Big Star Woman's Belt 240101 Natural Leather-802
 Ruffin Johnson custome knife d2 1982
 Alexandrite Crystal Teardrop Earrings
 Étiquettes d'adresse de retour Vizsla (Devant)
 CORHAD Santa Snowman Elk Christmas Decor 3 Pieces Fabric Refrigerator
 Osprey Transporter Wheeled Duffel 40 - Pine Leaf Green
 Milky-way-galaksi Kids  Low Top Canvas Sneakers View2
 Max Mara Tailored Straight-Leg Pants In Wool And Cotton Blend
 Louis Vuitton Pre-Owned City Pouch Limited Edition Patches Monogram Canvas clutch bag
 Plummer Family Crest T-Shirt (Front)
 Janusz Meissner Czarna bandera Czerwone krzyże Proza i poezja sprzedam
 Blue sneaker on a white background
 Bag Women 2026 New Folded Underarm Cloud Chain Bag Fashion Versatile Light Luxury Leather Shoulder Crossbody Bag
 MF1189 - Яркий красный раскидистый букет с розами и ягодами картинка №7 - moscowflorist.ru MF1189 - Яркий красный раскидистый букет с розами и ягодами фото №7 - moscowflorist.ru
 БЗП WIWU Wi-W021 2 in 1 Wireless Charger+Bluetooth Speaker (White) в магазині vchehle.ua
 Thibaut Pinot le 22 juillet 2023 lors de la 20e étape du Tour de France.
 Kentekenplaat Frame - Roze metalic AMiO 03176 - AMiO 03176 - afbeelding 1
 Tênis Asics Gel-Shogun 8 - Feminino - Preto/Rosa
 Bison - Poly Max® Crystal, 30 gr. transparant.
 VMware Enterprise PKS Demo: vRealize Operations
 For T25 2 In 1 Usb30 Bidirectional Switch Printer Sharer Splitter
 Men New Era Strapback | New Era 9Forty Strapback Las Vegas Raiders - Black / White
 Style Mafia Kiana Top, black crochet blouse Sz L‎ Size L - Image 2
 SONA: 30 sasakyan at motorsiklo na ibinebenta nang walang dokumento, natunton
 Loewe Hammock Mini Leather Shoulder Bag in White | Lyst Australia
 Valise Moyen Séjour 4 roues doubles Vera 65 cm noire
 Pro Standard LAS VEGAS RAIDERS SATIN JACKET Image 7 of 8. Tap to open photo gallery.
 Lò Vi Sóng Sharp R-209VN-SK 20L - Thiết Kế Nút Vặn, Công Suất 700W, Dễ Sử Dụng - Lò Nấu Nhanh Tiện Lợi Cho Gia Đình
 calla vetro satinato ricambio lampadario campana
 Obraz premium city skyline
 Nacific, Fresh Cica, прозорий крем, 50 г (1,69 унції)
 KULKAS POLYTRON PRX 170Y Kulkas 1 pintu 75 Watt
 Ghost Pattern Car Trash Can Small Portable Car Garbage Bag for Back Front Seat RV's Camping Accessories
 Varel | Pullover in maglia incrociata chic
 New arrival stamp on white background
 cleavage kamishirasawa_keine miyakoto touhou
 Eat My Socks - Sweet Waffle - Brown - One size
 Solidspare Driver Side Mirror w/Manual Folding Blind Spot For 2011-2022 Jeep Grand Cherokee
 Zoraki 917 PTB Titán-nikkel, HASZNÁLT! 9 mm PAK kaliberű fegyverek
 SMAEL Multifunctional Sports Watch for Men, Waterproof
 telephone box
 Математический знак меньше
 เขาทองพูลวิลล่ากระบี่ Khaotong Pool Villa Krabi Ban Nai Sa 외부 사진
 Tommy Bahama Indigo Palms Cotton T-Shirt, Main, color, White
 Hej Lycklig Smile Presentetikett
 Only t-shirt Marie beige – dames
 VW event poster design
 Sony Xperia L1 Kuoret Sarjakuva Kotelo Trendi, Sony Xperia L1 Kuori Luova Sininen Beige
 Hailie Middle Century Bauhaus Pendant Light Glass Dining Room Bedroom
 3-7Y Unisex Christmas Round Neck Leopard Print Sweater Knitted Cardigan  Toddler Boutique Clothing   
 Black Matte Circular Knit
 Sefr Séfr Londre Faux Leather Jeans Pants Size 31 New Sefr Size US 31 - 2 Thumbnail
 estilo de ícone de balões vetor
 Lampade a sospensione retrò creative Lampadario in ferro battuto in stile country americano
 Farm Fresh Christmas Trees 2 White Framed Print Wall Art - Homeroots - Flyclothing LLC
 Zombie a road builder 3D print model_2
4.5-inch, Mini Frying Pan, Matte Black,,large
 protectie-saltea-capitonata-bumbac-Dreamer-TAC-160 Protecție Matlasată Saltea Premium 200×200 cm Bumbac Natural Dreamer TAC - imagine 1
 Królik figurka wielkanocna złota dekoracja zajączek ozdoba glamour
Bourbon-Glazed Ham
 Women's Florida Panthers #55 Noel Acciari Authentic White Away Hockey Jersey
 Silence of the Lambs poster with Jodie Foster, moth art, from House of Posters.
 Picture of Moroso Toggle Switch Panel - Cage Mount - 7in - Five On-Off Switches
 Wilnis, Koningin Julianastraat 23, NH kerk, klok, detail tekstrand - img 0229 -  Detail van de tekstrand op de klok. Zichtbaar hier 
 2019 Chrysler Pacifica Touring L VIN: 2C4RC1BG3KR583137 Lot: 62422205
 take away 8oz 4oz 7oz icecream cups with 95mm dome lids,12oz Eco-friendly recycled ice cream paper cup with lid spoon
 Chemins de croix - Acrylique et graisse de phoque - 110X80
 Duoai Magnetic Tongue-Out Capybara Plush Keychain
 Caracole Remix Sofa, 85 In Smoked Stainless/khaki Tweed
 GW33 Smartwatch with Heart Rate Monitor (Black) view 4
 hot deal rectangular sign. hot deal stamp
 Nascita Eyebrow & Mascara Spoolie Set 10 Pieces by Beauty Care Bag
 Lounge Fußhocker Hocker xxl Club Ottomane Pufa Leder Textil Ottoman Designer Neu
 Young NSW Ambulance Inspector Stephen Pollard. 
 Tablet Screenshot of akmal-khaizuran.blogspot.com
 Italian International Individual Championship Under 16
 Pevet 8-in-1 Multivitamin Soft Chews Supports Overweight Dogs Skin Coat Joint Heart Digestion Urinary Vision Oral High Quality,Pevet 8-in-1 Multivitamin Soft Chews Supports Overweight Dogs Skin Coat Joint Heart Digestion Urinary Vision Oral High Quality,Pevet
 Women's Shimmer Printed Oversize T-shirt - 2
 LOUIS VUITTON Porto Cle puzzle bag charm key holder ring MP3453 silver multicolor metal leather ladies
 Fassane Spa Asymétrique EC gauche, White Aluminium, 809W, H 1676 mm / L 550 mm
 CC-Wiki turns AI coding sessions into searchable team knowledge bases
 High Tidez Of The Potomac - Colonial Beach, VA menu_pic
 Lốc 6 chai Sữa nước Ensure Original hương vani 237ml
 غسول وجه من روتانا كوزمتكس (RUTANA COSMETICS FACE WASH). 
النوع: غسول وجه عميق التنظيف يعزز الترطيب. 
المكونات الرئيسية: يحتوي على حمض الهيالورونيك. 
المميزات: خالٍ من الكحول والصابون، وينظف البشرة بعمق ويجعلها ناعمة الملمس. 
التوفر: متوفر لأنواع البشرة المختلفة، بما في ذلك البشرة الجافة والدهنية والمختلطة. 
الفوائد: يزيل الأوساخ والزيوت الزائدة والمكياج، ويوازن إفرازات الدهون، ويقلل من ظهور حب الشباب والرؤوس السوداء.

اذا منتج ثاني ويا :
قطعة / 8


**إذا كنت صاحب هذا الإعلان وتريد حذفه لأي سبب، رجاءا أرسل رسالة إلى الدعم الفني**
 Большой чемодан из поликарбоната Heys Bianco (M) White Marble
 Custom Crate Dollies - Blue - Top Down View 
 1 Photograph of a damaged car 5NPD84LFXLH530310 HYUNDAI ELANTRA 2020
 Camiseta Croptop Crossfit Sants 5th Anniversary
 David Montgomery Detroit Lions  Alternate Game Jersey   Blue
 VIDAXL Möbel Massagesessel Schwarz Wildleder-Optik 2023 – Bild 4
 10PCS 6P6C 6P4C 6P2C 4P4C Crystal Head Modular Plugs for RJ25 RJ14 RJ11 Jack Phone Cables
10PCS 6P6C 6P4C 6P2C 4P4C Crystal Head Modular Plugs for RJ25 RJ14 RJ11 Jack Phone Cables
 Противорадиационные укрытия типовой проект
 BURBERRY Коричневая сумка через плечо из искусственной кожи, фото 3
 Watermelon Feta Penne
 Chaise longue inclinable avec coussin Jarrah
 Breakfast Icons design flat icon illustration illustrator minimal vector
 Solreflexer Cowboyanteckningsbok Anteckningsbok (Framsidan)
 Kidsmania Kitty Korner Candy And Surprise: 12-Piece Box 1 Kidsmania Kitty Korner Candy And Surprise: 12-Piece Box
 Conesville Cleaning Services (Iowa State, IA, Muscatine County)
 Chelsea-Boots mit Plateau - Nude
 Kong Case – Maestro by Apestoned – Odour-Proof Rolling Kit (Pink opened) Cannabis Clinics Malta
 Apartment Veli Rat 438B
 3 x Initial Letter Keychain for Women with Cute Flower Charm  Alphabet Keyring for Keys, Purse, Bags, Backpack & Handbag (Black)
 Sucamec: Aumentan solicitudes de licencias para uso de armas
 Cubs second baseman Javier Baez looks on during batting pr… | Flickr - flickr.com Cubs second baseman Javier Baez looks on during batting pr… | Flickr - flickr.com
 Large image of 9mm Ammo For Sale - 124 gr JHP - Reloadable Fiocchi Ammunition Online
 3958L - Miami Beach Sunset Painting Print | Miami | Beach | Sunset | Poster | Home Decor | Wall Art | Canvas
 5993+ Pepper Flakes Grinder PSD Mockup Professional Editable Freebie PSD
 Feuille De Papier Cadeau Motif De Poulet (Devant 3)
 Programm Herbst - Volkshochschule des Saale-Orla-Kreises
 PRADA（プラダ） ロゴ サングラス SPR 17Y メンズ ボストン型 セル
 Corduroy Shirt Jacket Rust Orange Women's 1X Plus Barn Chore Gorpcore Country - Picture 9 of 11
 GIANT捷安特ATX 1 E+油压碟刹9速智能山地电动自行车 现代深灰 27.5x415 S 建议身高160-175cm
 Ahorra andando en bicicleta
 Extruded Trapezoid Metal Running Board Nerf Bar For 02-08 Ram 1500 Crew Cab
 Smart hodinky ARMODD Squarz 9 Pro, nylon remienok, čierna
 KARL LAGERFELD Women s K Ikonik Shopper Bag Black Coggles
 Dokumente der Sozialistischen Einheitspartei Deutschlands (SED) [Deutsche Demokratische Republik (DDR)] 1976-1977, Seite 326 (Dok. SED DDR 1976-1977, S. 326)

**Task goal**: Please restate the records word for word. Go from the first line to the line with "Canvas Sneakers View2" and include both.

**Solution**:
Big Star Woman's Belt 240101 Natural Leather-802
 Ruffin Johnson custome knife d2 1982
 Alexandrite Crystal Teardrop Earrings
 Étiquettes d'adresse de retour Vizsla (Devant)
 CORHAD Santa Snowman Elk Christmas Decor 3 Pieces Fabric Refrigerator
 Osprey Transporter Wheeled Duffel 40 - Pine Leaf Green
 Milky-way-galaksi Kids  Low Top Canvas Sneakers View2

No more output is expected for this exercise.